- _About this exercise_
Please could you give again the lines from the one holding "Kurtka chłopięca przejściowa" through the final line of the data below, exactly, with no other lines?

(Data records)
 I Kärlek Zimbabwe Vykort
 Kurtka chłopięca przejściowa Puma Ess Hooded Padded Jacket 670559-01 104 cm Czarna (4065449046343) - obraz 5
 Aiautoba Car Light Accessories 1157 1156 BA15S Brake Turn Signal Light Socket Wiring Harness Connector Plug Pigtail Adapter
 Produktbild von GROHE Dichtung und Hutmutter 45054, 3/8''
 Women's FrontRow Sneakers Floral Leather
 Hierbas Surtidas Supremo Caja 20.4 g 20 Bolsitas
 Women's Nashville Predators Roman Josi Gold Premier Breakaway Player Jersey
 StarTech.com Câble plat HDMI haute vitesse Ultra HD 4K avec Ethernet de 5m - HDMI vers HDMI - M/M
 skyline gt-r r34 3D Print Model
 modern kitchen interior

- _Exercise answer_
 Kurtka chłopięca przejściowa Puma Ess Hooded Padded Jacket 670559-01 104 cm Czarna (4065449046343) - obraz 5
 Aiautoba Car Light Accessories 1157 1156 BA15S Brake Turn Signal Light Socket Wiring Harness Connector Plug Pigtail Adapter
 Produktbild von GROHE Dichtung und Hutmutter 45054, 3/8''
 Women's FrontRow Sneakers Floral Leather
 Hierbas Surtidas Supremo Caja 20.4 g 20 Bolsitas
 Women's Nashville Predators Roman Josi Gold Premier Breakaway Player Jersey
 StarTech.com Câble plat HDMI haute vitesse Ultra HD 4K avec Ethernet de 5m - HDMI vers HDMI - M/M
 skyline gt-r r34 3D Print Model
 modern kitchen interior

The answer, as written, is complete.